# Exercise:
Write out the records word for word, with no pictures.

[Collected data entries]
○ ○ ○ ○ ○

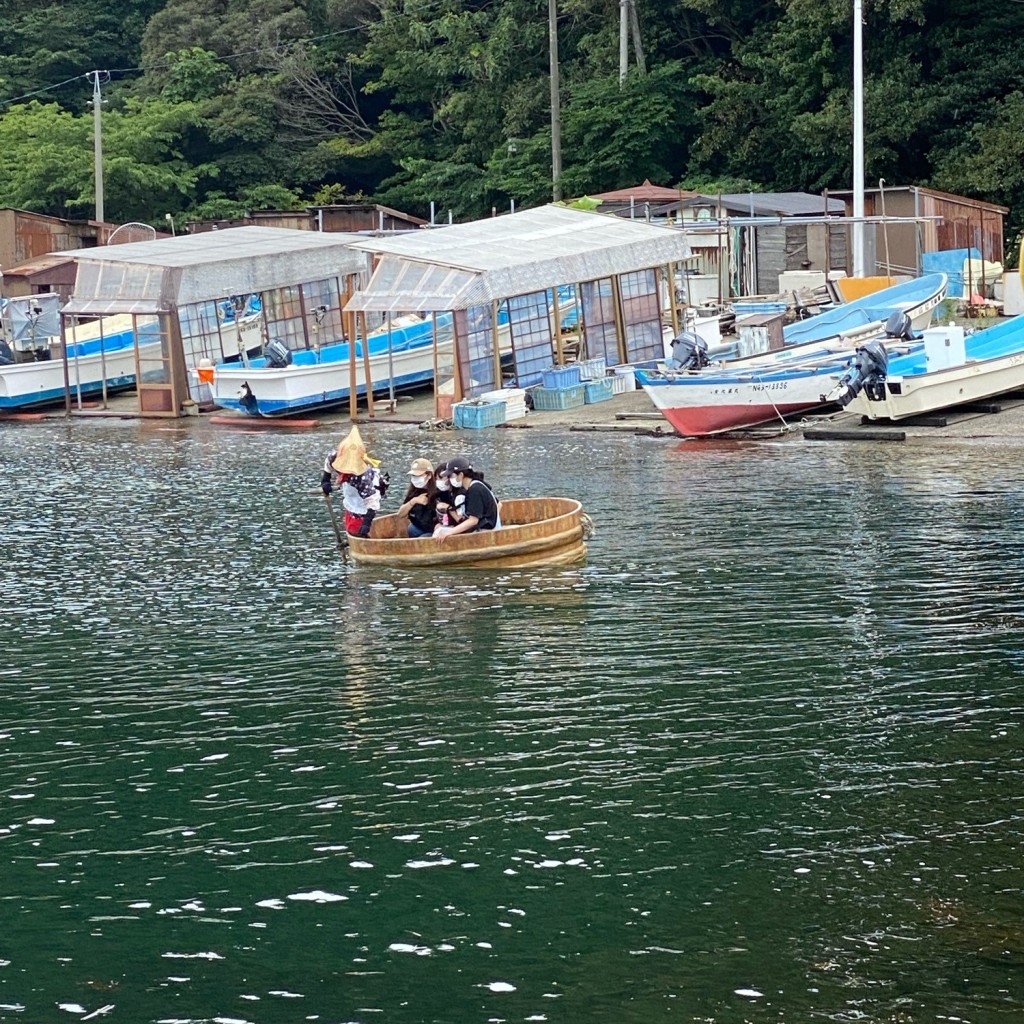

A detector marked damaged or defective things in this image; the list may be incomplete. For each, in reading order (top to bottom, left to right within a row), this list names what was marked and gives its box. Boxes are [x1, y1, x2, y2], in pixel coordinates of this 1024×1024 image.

rusty metal shed [55, 226, 368, 413]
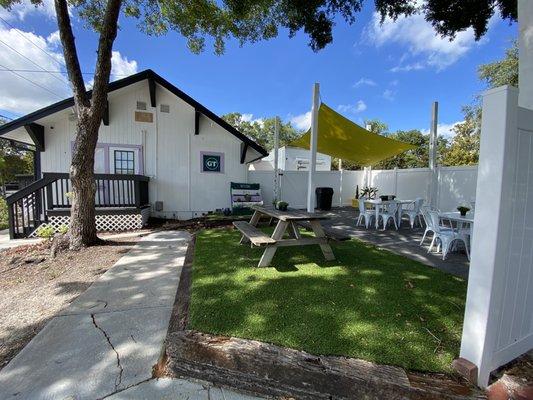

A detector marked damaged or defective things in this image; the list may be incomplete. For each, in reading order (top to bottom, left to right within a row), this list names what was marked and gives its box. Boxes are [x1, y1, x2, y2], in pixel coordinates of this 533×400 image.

cracked concrete [0, 230, 190, 398]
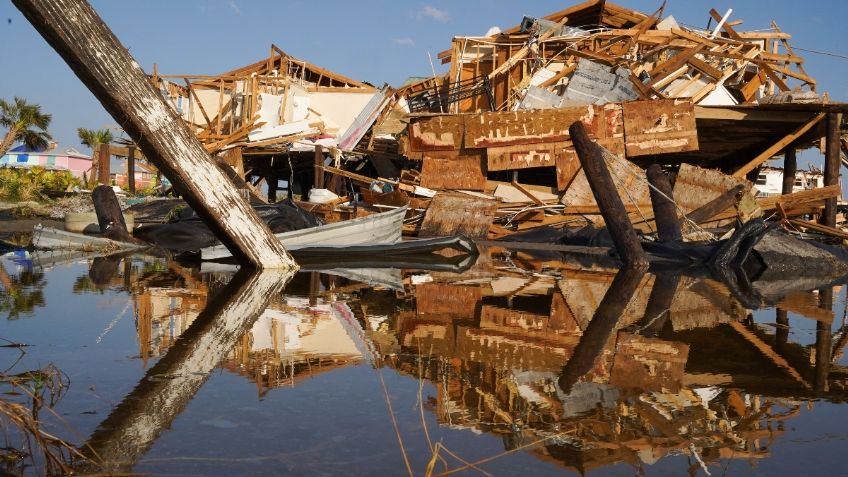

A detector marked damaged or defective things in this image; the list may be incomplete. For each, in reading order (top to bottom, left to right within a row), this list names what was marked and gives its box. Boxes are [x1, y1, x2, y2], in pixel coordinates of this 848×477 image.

broken plywood sheet [564, 57, 636, 106]
broken plywood sheet [410, 113, 468, 151]
splintered wood plank [410, 115, 468, 151]
broken plywood sheet [418, 152, 484, 191]
splintered wood plank [420, 152, 486, 191]
splintered wood plank [418, 192, 496, 238]
broken plywood sheet [418, 192, 496, 238]
splintered wood plank [460, 108, 588, 149]
broken plywood sheet [460, 108, 588, 149]
splintered wood plank [484, 141, 564, 171]
broken plywood sheet [490, 141, 564, 171]
splintered wood plank [620, 98, 700, 156]
broken plywood sheet [624, 98, 696, 156]
splintered wood plank [672, 164, 752, 216]
broken plywood sheet [672, 162, 760, 223]
splintered wood plank [608, 330, 688, 390]
broken plywood sheet [608, 332, 688, 392]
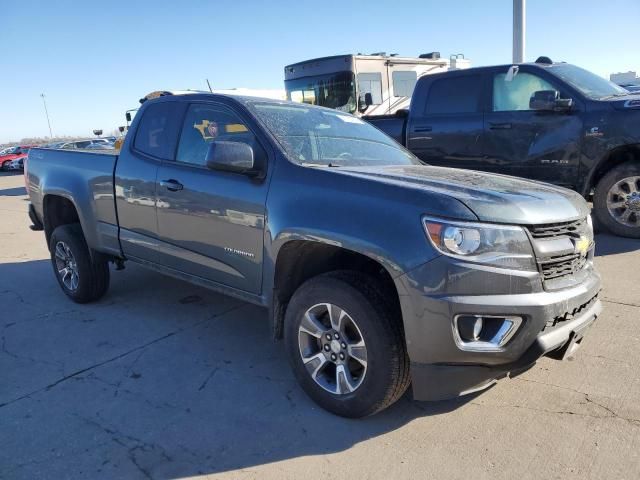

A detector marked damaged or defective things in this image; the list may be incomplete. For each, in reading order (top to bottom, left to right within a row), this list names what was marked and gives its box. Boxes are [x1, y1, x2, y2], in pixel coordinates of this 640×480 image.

cracked pavement [0, 171, 636, 478]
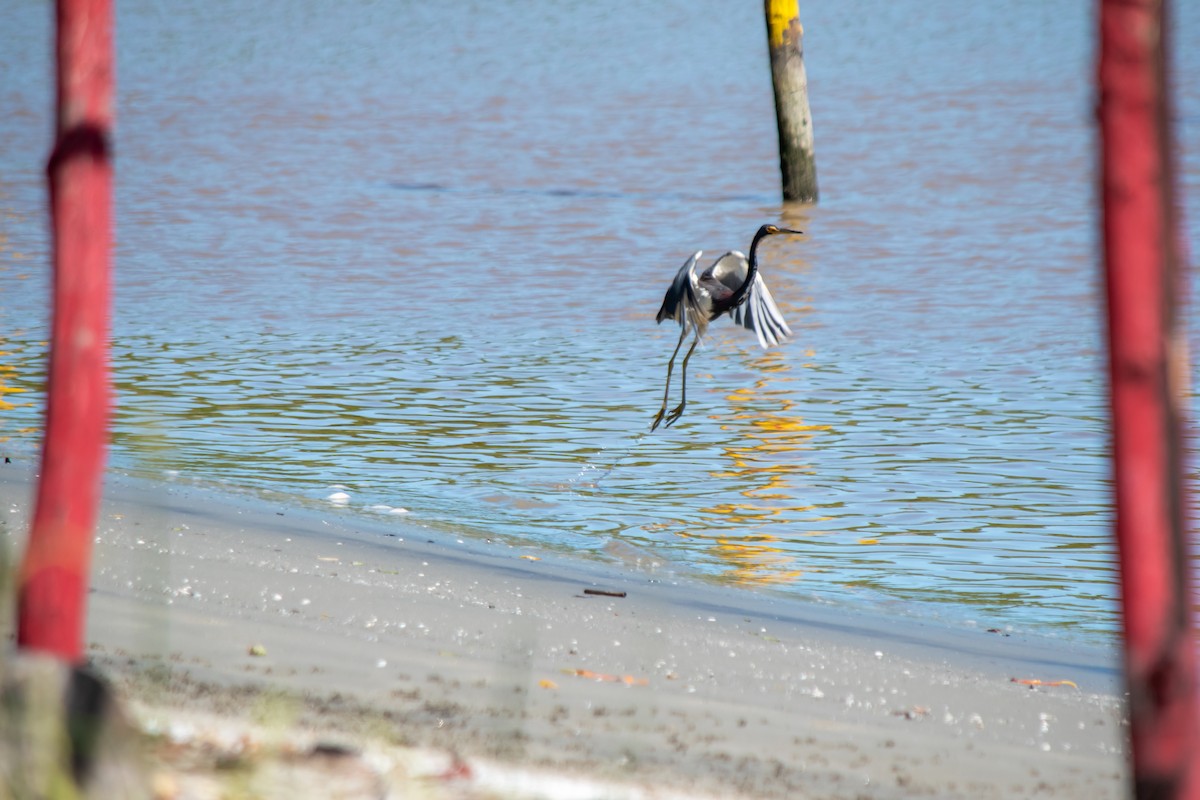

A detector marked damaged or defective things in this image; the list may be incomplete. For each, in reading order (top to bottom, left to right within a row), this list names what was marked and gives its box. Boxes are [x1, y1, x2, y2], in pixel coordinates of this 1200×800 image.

rusty metal pole [17, 0, 114, 662]
rusty metal pole [768, 0, 816, 203]
rusty metal pole [1099, 0, 1195, 796]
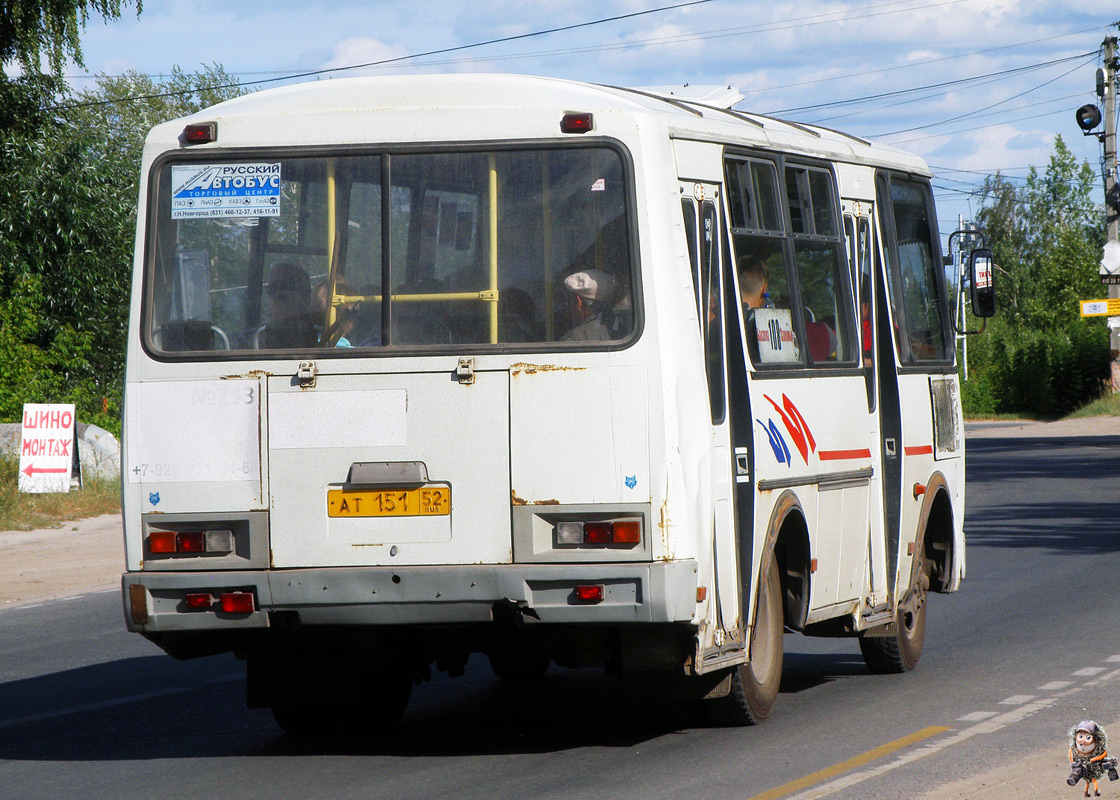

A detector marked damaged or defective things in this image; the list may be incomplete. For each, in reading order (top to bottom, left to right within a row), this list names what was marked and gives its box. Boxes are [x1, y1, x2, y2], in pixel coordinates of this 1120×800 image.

rust spot on bus body [510, 486, 557, 504]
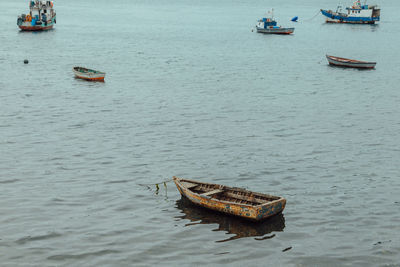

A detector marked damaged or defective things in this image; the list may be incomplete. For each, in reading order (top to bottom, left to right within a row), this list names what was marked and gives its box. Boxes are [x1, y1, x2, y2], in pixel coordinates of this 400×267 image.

rusted hull [173, 178, 286, 222]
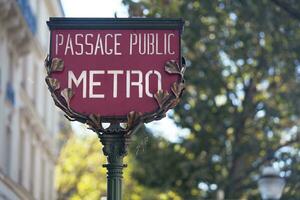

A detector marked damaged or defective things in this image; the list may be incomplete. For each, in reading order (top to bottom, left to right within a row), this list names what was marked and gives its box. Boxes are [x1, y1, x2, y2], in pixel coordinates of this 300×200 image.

rusty metal detail [44, 55, 185, 135]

○ ○ ○ ○ ○

# Answer space:
A detector marked damaged or defective things in this image; the list may be incomplete. For each, in reading order (top to bottom, left to right within a row), this list names what was marked and gives its box. Boxes are [x1, y1, x2, y2], in pixel coordinates of this 1024×1024 image.

rusty metal shed [55, 226, 368, 413]

A detector marked damaged or defective things in this image; the list may be incomplete. For each, in reading order (top to bottom, left to right within a row), this list names what was marked and gives its box. Boxes are [x1, y1, x2, y2], in pixel coordinates of this 533×400 image.

cracked concrete [0, 230, 190, 398]

A detector marked damaged or defective things in this image; the list may be incomplete. For each, in reading order (top to bottom, left to right within a row), this list names what was marked and gives its box. Boxes are [x1, y1, x2, y2], in pixel coordinates of this 848×477 image.

broken plywood sheet [564, 57, 636, 106]
broken plywood sheet [410, 113, 468, 151]
splintered wood plank [410, 115, 468, 151]
broken plywood sheet [418, 152, 484, 191]
splintered wood plank [420, 152, 486, 191]
splintered wood plank [418, 192, 496, 238]
broken plywood sheet [418, 192, 496, 238]
splintered wood plank [460, 108, 588, 149]
broken plywood sheet [460, 108, 588, 149]
splintered wood plank [484, 141, 564, 171]
broken plywood sheet [490, 141, 564, 171]
splintered wood plank [620, 98, 700, 156]
broken plywood sheet [624, 98, 696, 156]
splintered wood plank [672, 164, 752, 216]
broken plywood sheet [672, 162, 760, 223]
splintered wood plank [608, 330, 688, 390]
broken plywood sheet [608, 332, 688, 392]

A detector marked damaged or defective things in this image; the list may be incomplete. For each, in reading order (top to bottom, left to right within a row), this list names what was marked and gives its box. Boxes are [x1, y1, x2, y2], in pixel coordinates of this 640×480 image.

cracked pavement [0, 171, 636, 478]

A detector marked damaged or defective things in this image; the list may be incomplete. For each, in reading order (top to bottom, left to right within a row), this list names what was marked and gives its box. Boxes are [x1, y1, x2, y2], in pixel coordinates of this 1200×800 image.

rusty metal pole [17, 0, 114, 662]
rusty metal pole [768, 0, 816, 203]
rusty metal pole [1099, 0, 1195, 796]

A detector marked damaged or defective things in this image; the list may be incomplete. For each, in reading order (top to bottom, left to right within a row), this list names what was marked and gives its box. Boxes are [x1, y1, x2, y2], in pixel coordinates of this 1120×800 image.

rust spot on bus body [510, 486, 557, 504]

A detector marked damaged or defective things in this image; the list may be incomplete. For each, in reading order (top to bottom, left to right within a row), this list names what was marked and gives its box. Boxes are [x1, y1, x2, y2], in pixel coordinates of this 400×267 image.

rusted hull [173, 178, 286, 222]

A detector marked damaged or defective things in this image; the list may be incomplete. For each, in reading order (top to bottom, left to right within a row), this list names what was marked and gives its box. Boxes are [x1, y1, x2, y2], in pixel coordinates of this 300×200 image.

rusty metal detail [44, 55, 185, 135]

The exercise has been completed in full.